CMT-pytorch

Source code and generated samples for CMT (Chord Conditioned Melody Transformer) model introduced in "Chord Conditioned Melody Generation with Transformer Based Decoders"

Requirements

matplotlib >= 3.3.1
numpy >= 1.19.1
pretty_midi >= 0.2.9
torch >= 1.0.0
pyyaml >= 0.2.5
scipy
tensorboardX

File descriptions

hparams.yaml : specifies hyperparameters and paths to load data or save results.
preprocess.py : makes instance pkl files from two track midi files
dataset.py : loads preprocessed pkl data
layers.py : self attention block and relative multi-head attention layers
model.py : implementation of CMT
loss.py : defines loss functions
trainer.py : utilities for loading, training, and saving models
run.py : main code to train CMT
generated samples.zip : zip file containing 15 generated samples which are used for subjective listening test

Preparing data

To train CMT, midi files containing melody and chords are necesary. Each midi file should have two instruments: the first instrument playing melody, and the second instrument playing all chordal notes of chords whenever chord changes.

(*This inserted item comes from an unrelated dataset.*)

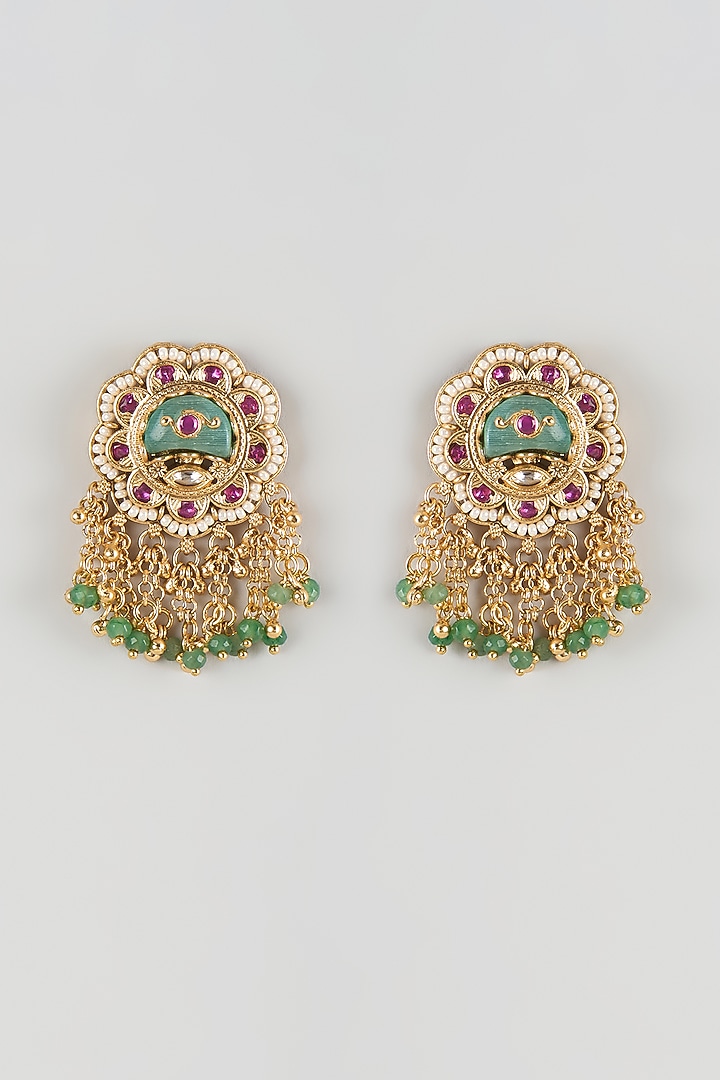 Antique Gold Finish Emerald & Ruby Stone Temple Stud Earrings by Aryah Jewels at Pernia's Pop Up Shop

Instance pkl files are made from two track midi files by executing the following command line:

$ python preprocess.py 
--root_dir [ROOT_DIR]
--midi_dir [MIDI_DIR]
--num_bars [NUMBER_OF_BARS]
--frame_per_bar [FRAME_PER_BAR]
--pitch_range [PITCH_RANGE]

Midi files should be located under $ROOT_DIR/MIDI_DIR
NUMBER_OF_BARS: number of bars to generate. Default is 8
FRAME_PER_BAR: number of unit notes in a bar. Default is 16 (16th note, time signature 4/4)
PITCH_RANGE: MIDI pitch range. Default is 48 (4 octaves)

To shift the pitch of melody and chords in 12 different keys, add argument --shift to the command line above.

Training CMT

$ python run.py 
--idx [EXPERIMENT_INDEX] 
--gpu_index [GPU_INDEX]
--ngpu [NUMBER_OF_GPU]
--optim_name [OPTIMIZER]
--restore_epoch [RESTORE_EPOCH]
--seed [RANDOM_SEED]

EXPERIMENT_INDEX: arbitrary index to distinguish different experiment settings
GPU_INDEX: index of GPU
NUMBER_OF_GPU: number of GPUs to use. If not specified, use only CPU.
OPTIMIZER: Optimizer to use. One of sgd, adam, rmsprop, default is adam
RESTORE_EPOCH: which checkpoint to restore when continuing an experiment

1st phase

Train the rhythm decoder (RD) with pitch varied rhythm data. In hparams.yaml, set the data_io path to directory containing pkl files with 12 different keys.

2nd phase

Retain RD from the 1st phase and train pitch decoder (PD) with single key data. In experiment config of hparams.yaml, specify the experiment index and epoch to load RD from (for example, idx 1, epoch 100). Execute run.py with additional --load_rhythm argument.